[REQUIRED WORK]:
Keep the pictures out. Write out every line of the listing exactly.

[RECORDS SUPPLIED]:

★ ★ ★ ★ ★

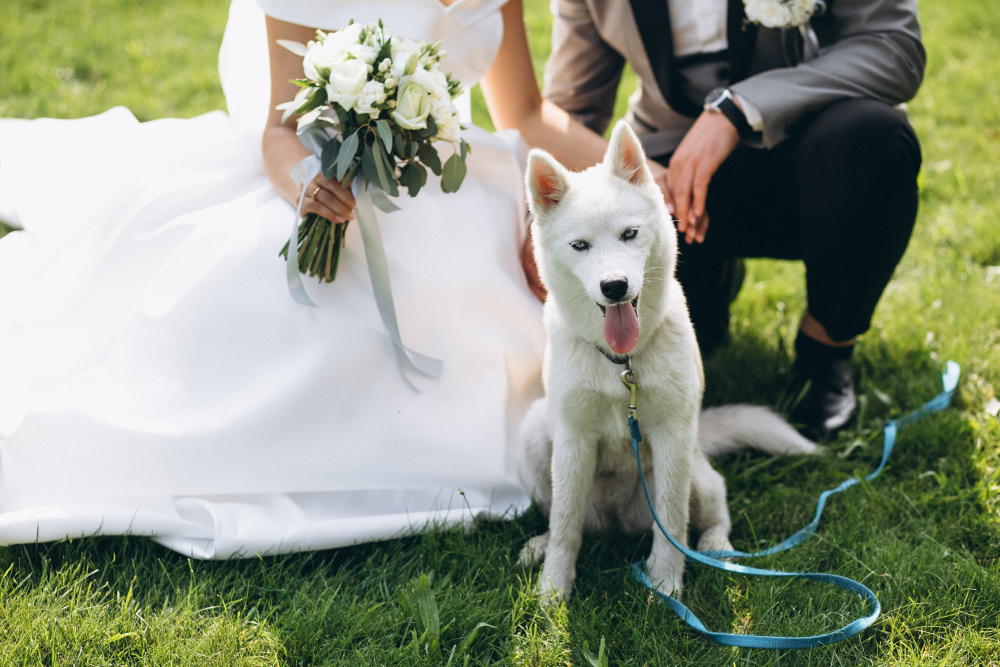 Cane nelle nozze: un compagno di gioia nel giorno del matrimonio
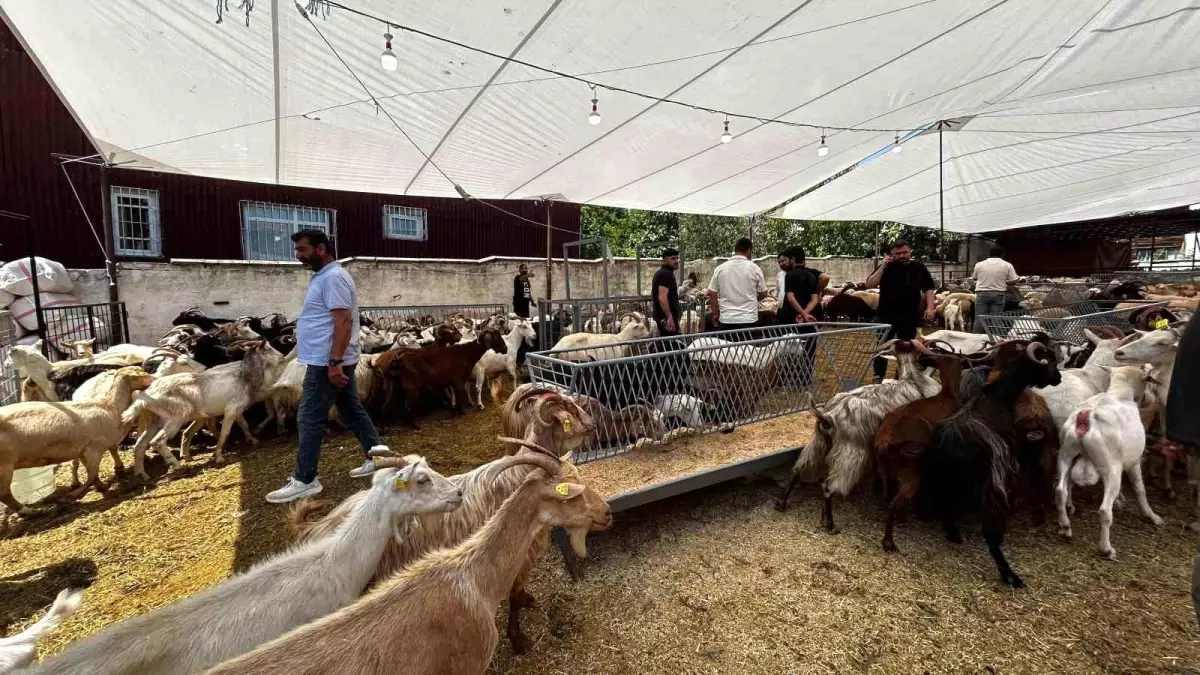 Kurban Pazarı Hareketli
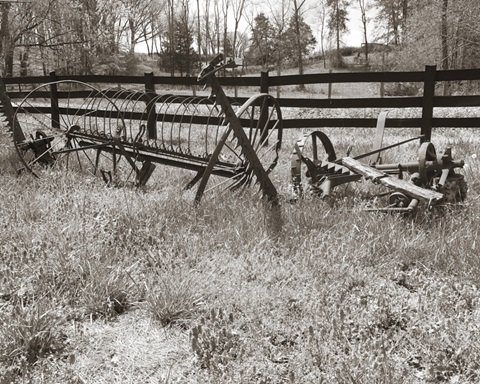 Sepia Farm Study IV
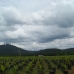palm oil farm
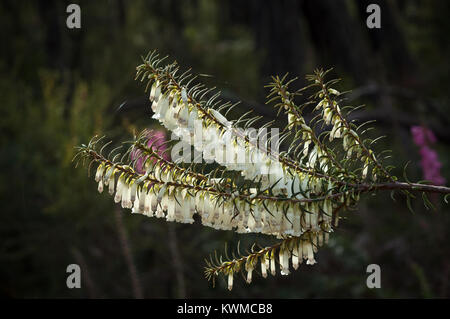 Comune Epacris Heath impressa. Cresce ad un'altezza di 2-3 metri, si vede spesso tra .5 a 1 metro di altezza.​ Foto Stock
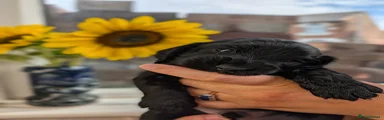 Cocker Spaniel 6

★ ★ ★ ★ ★

[REPLY TO THE EXERCISE]:
 Cane nelle nozze: un compagno di gioia nel giorno del matrimonio
 Kurban Pazarı Hareketli
 Sepia Farm Study IV
palm oil farm
 Comune Epacris Heath impressa. Cresce ad un'altezza di 2-3 metri, si vede spesso tra .5 a 1 metro di altezza.​ Foto Stock
 Cocker Spaniel 6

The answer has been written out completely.